Arrival at Liège-Guillemins train station at 9:46 am.

The sky over the Wallonian provincial capital is gray.

It's drizzling from low-hanging clouds, and yet: the entrance to Liège, which is only a good hour's train ride from Cologne or Düsseldorf and yet seems to be so much closer to the French capital, which is more than twice as far away, has never been so colourful.

Green, blue, orange, fuchsia, milky white light.

"As if fallen from heaven, colors in situ and in motion" is the name of the installation by the French painter and conceptual artist Daniel Buren, which opened in mid-October.

For a year, the 10,000 square meter work of art, covering a third of the station roof area with colorful vinyl foil, will draw the gaze of thousands of passengers every day.

Depending on the time, the position of the sun and the weather conditions, the play of light that wanders through Calatrava's concrete waves bathes trains, platforms, people boarding and alighting in different colors.

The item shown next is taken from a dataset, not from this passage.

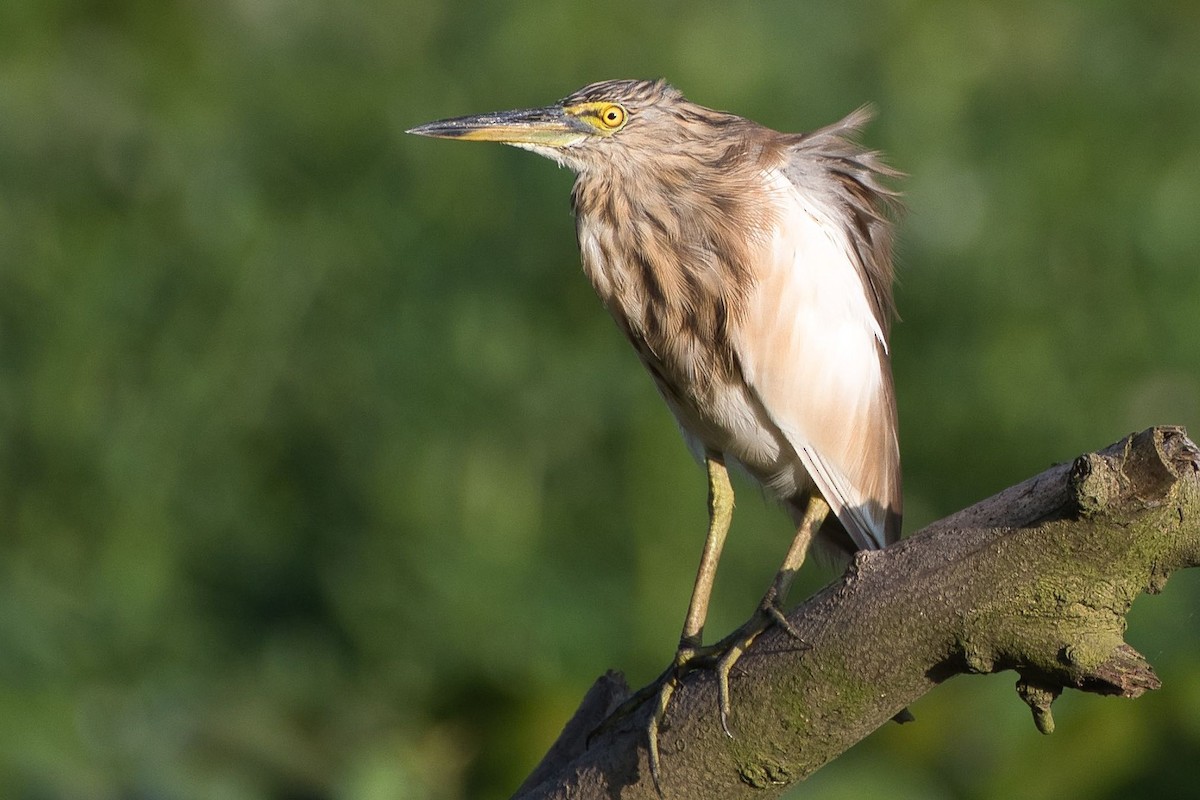 Indian Pond-Heron - ML640869507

Artist turned out to be an admirer of the station

As with previous installations in the Emma Museum in Espoo, Finland, or in the Musée d'Art Moderne et contemporain in Strasbourg, Buren arranged the colors he chose according to the alphabetical order of the respective national language.

Bleu begins in francophone Liège, Vert finishes the suit sequence.

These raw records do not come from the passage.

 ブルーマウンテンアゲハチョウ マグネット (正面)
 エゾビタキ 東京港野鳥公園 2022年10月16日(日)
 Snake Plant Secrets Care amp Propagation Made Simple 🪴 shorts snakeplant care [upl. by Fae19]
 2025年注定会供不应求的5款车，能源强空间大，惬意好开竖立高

Stéphan Uhoda came up with the idea of ​​bringing together the internationally renowned architect of dynamic concrete and the world-famous artist of colors arranged in stripes and squares under one roof.

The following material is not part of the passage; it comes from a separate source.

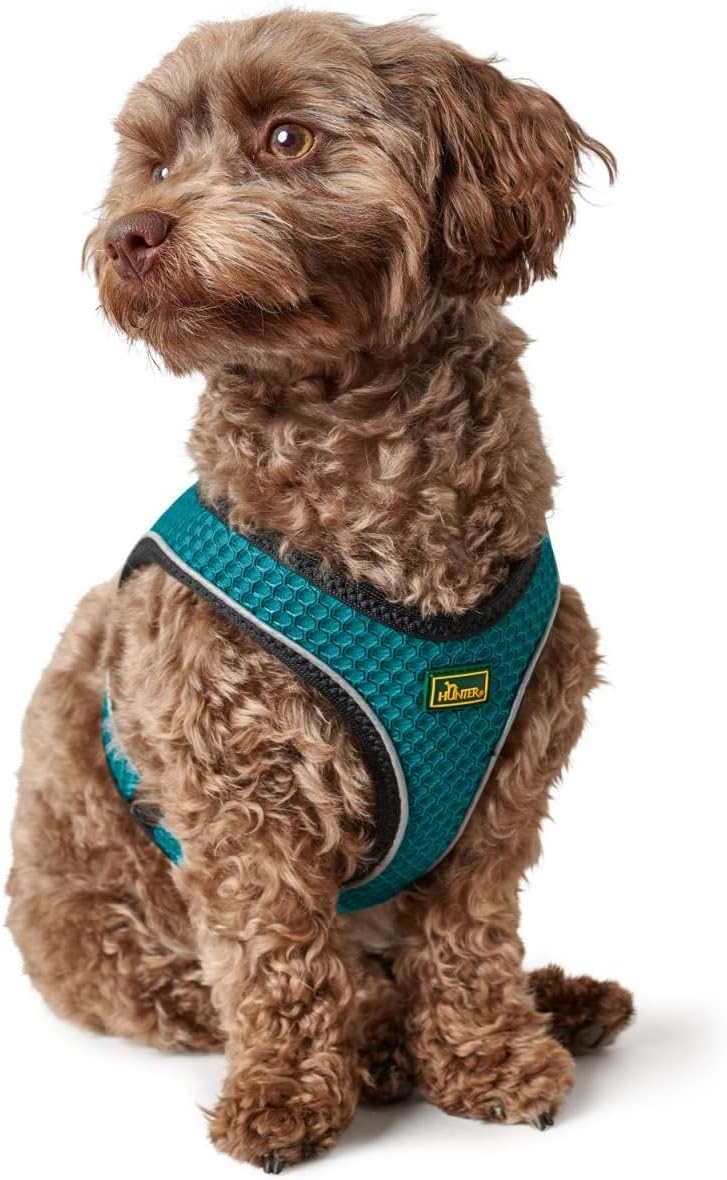 Hundegeschirr Hilo Comfort, Türkis / S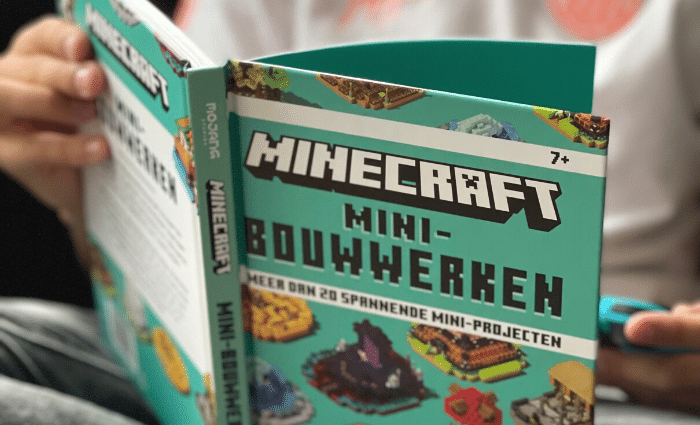 Minecraft Mini Bouwwerken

The family business of the Liège native, which has been run for generations, operates a network of petrol stations, multi-storey car parks, car washes, grocery stores and, since 2017, the Grand Café de la Gare in the Liège-Guillemins train station in Wallonia and Brussels.

When the noble brasserie had to close temporarily during the lockdown, the descendant of Italian immigrants was sitting on the deserted terrace one fine spring day.

Uhoda watched the light falling through the horizontal grid of the roof trusses into the expanse of the station concourse.

It was an almost meditative moment, as recalled by the subtle businessman, who has built up a contemporary art collection with his brother Georges, including some works by Daniel Buren.

It came as it can in the most beautiful of all cases.

Suddenly the idea was born to let Buren's colorful room installations play on Calatrava's pale concrete.